As you know, there are four quantum numbers used to describe the position and spin of an electron in an atom. Your goal here will be to use the information provided by the electron configuration of a neutral bromine atom, $\text{Br}$, to determine the quantum numbers associated with the electron needed to form the bromide anion, ${\text{Br}}^{-}$.

So, bromine is located in period 4, group 17 of the periodic table and has an atomic number equal to $35$. This tells you that a neutral bromine atom has a total of $35$ electrons surrounding its nucleus.

The electron configuration of a neutral bromine atom looks like this

$\text{Br: } 1 {s}^{2} 2 {s}^{2} 2 {p}^{6} 3 {s}^{2} 3 {p}^{6} 3 {d}^{10} \textcolor{red}{4} {s}^{2} \textcolor{red}{4} {p}^{5}$

Notice that bromine's outermost electrons, i.e. its valence electrons, are located on the fourth energy level, $n = \textcolor{red}{4}$.

The incoming electron will be added to this energy level, so right from the start you know that it must have $n = 4$.

The angular momentum quantum number, $l$, tells you the subshell in which the electron is located. In this case, the incoming electron will be added to the 4p-subshell, which is characterized, much like any p-subshell, by $l = 1$.

The magnetic quantum number, ${m}_{l}$, tells you the exact orbital in which the electron is located. The 4p-subshell contains a total of $3$ p-orbitals

• $4 {p}_{x} \to {m}_{l} = - 1$
• $4 {p}_{y} \to {m}_{l} = + 1$
• $4 {p}_{z} \to {m}_{l} = \textcolor{w h i t e}{-} 0$

This is used by convention because the wave function associated with ${m}_{l} = 0$ is said to be symmetric about its axis, I.e. it has no component of angular momentum about its axis, which is usually chosen as the $z$ axis.

Since the neutral bromine atom already has 5 electrons in its 4p-subshell, you can say that its $4 {p}_{x}$ and $4 {p}_{y}$ orbitals are completely filled and the $4 {p}_{z}$ contains one electron.

The incoming electron will thus be added to the half-empty $4 {p}_{z}$ orbital, and so it will have ${m}_{l} = 0$.

Finally, the spin quantum number, ${m}_{s}$, tells you the spin of the electron. Because the $4 {p}_{z}$ already contained one electron that has spin-up, or ${m}_{s} = + \frac{1}{2}$, the incoming electron must have an opposite spin, and so ${m}_{s} = - \frac{1}{2}$.

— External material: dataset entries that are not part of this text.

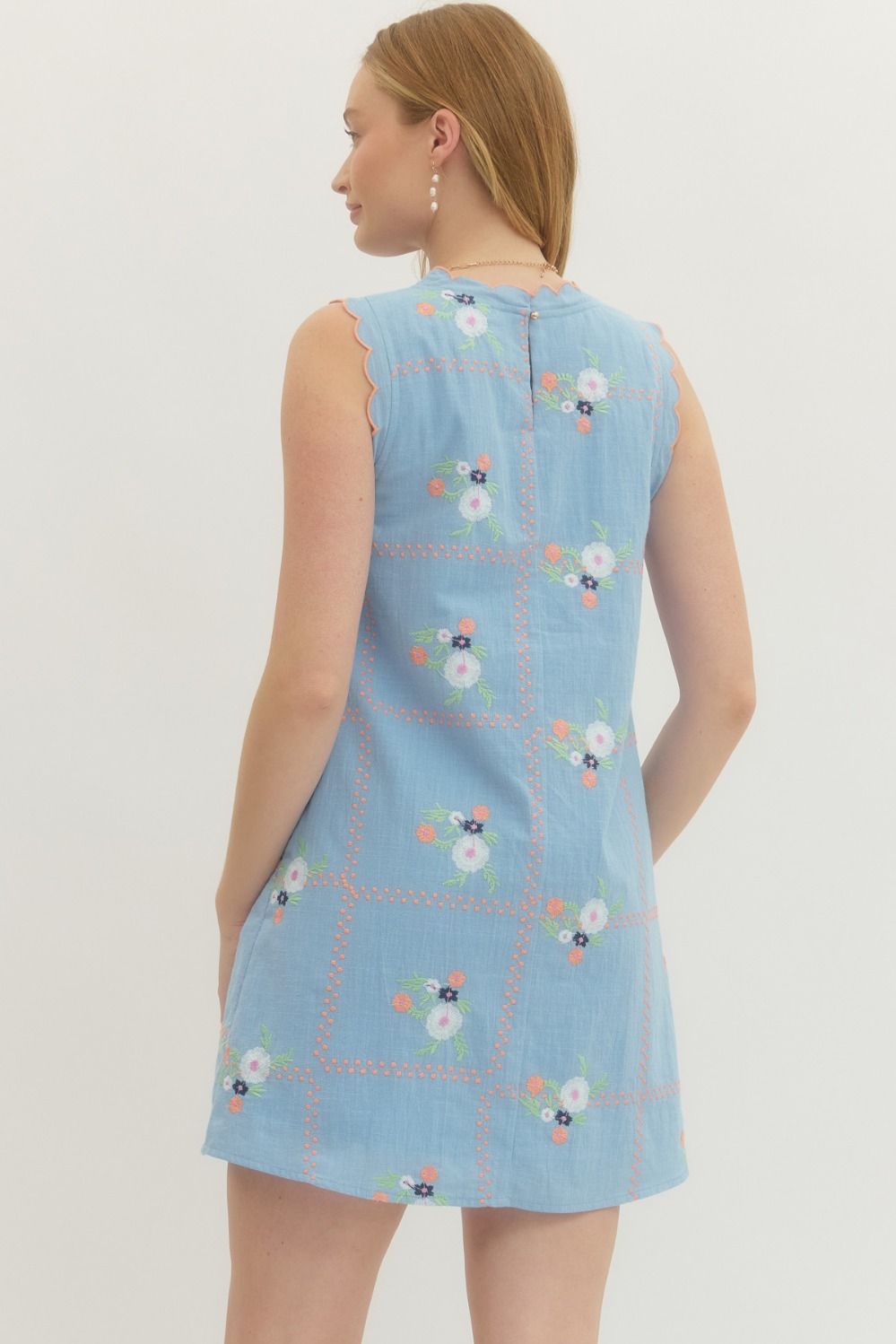 Scallop Trim Shift Dress by Entro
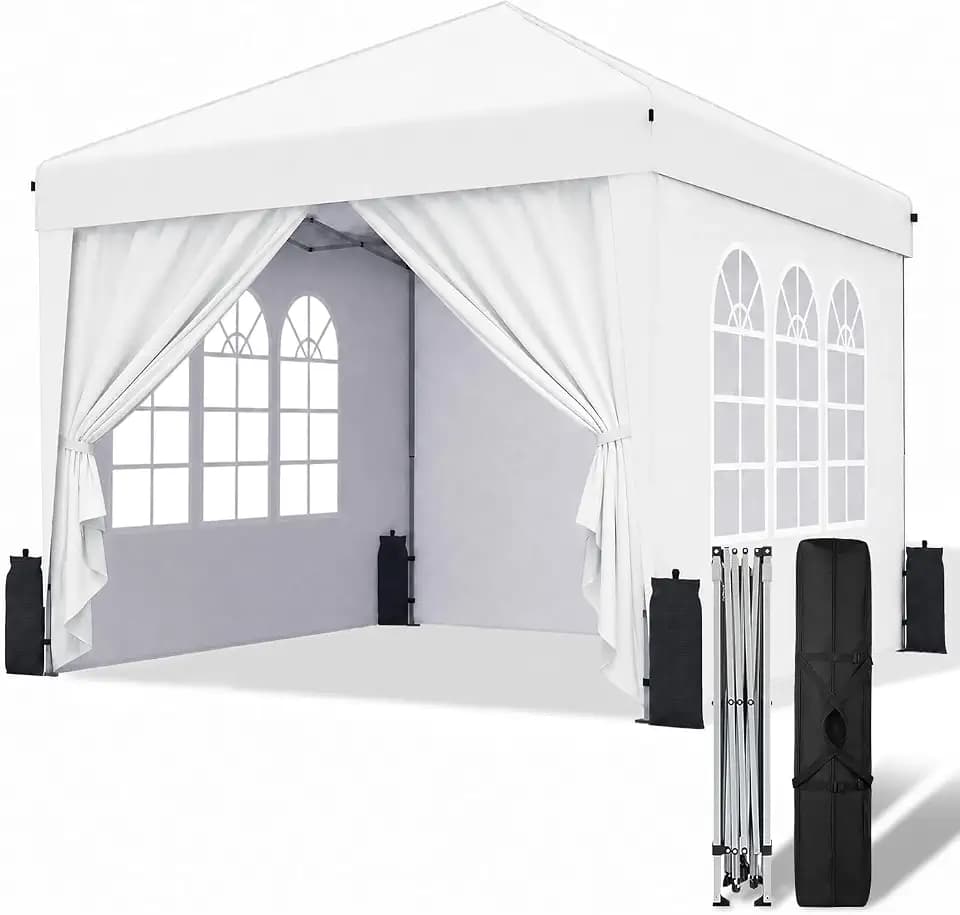 10x10 Pop Up Canopy with Sidewalls, One Push Setup, Portable Carry Bag-White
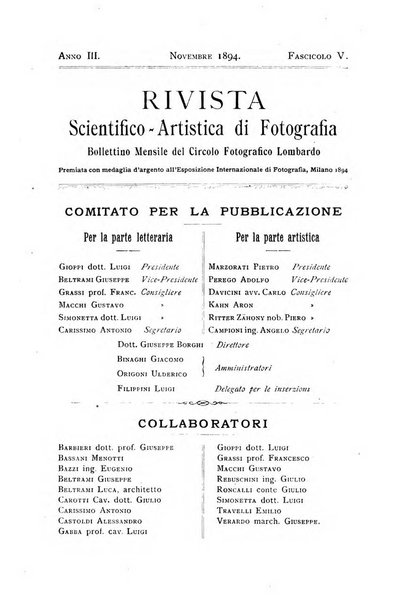 Rivista scientifico artistica di fotografia bollettino del Circolo fotografico lombardo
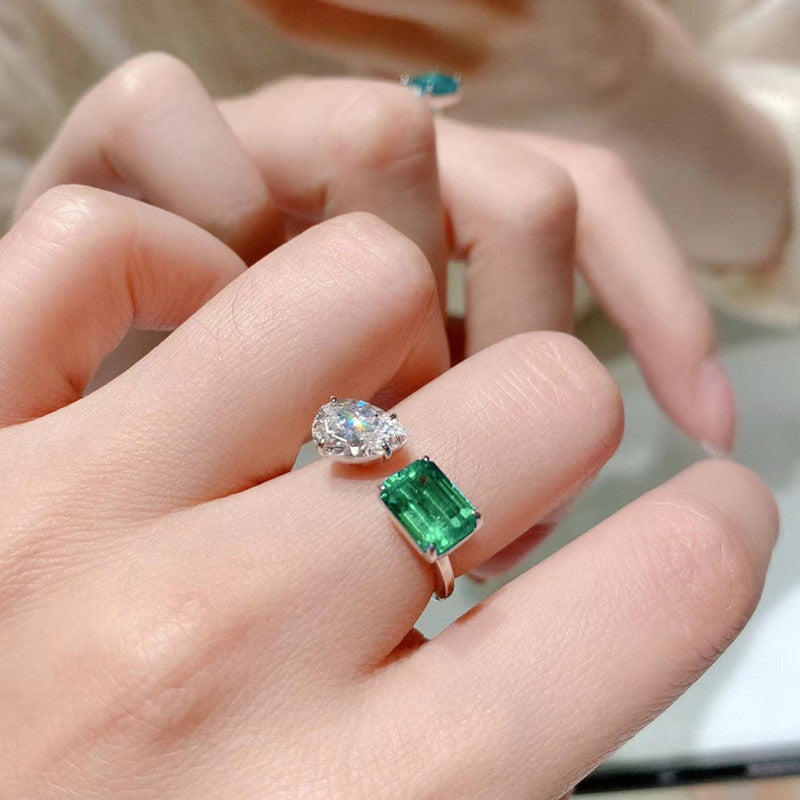 Silver Plated Anti Tarnish American Diamond Crushed Ice Cut Green Rectangular Finger Ring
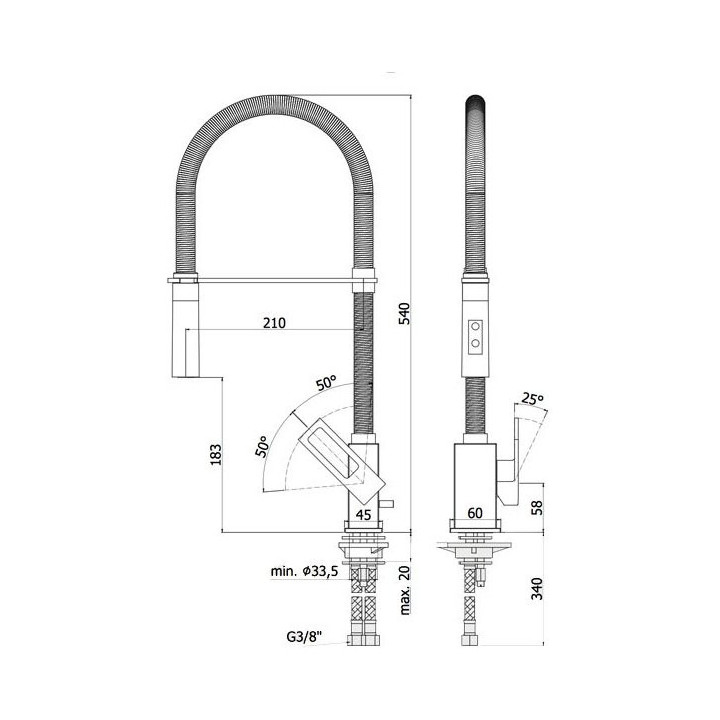 Bateria zlewozmywakowa, Paffoni Effe, z wyciąganą wylewką, chrom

The quantum number set that describes the incoming electron will thus be

$\textcolor{g r e e n}{| \overline{\underline{\textcolor{w h i t e}{\frac{a}{a}} \textcolor{b l a c k}{n = \textcolor{red}{4} , l = 1 , {m}_{l} = 0 , {m}_{s} = - \frac{1}{2}} \textcolor{w h i t e}{\frac{a}{a}} |}}}$

SIDE NOTE You'll sometimes see this notation used for the magnetic quantum number

• $4 {p}_{x} \to {m}_{l} = - 1$
• $4 {p}_{y} \to {m}_{l} = \textcolor{w h i t e}{-} 0$
• $4 {p}_{z} \to {m}_{l} = + 1$

You can use this if you want, but make sure that you are consistent.

In this notation, the wave function associated with ${m}_{l} = 0$ has symmetry about the $y$ axis, so make sure that you specify and keep track of this for other orbitals such as the d-orbitals of f-orbitals.